Task description:
Output each line of the data below exactly, omitting any image.

Material provided:
□ □ □ □

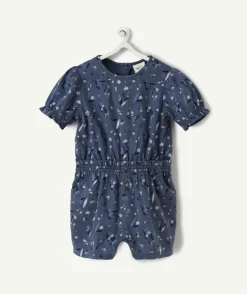 Combishort bébé fille en coton bleu nuit imprimée fleurie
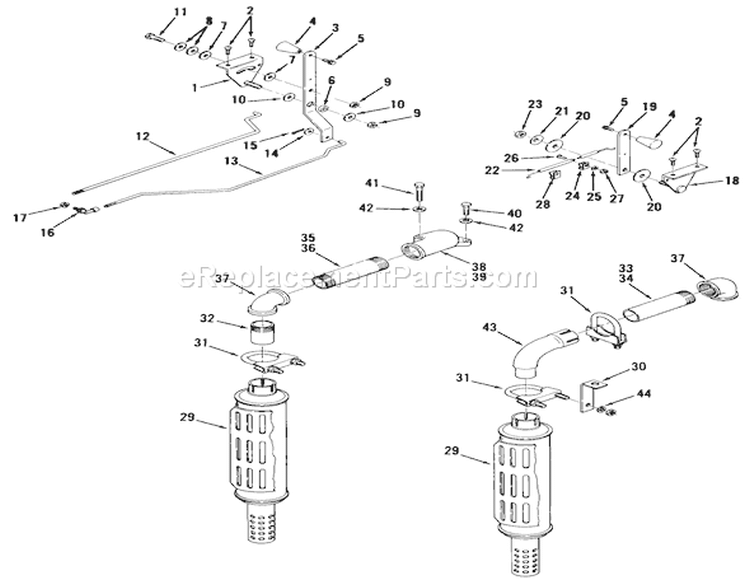 Choke And Throttle Controls, And Exhaust Systems Diagram and Parts List for 91-20KS01 1979 Toro Lawn Tractor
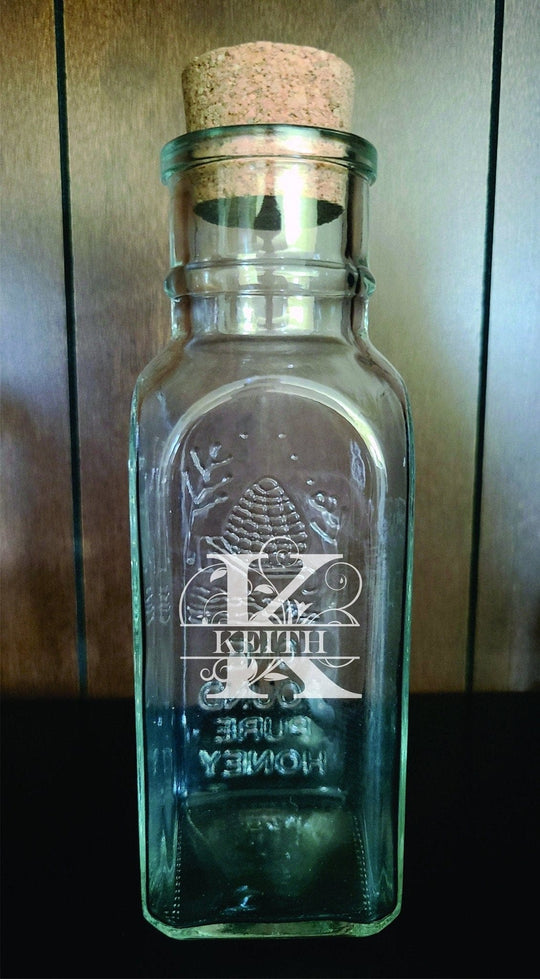 Muth Honey Jar Bottle with Cork Top Name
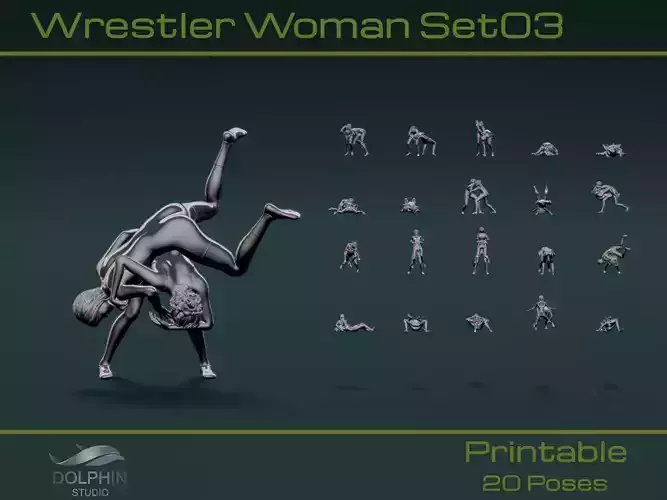 Wrestler Woman Set03 3D model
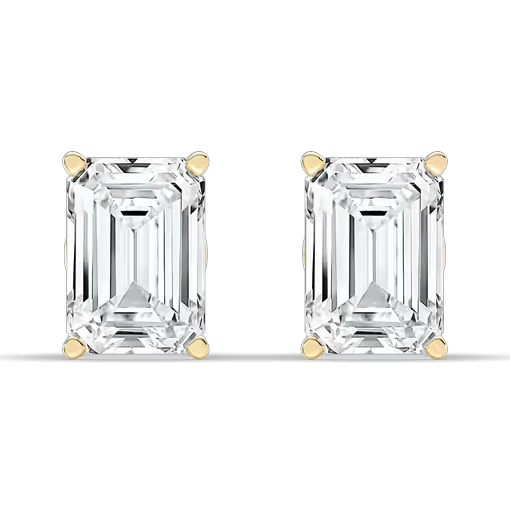 Deco Diamond Lab Studs in Gold — 5CTW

□ □ □ □

Answer to this exercise:
 Combishort bébé fille en coton bleu nuit imprimée fleurie
 Choke And Throttle Controls, And Exhaust Systems Diagram and Parts List for 91-20KS01 1979 Toro Lawn Tractor
 Muth Honey Jar Bottle with Cork Top Name
 Wrestler Woman Set03 3D model
 Deco Diamond Lab Studs in Gold — 5CTW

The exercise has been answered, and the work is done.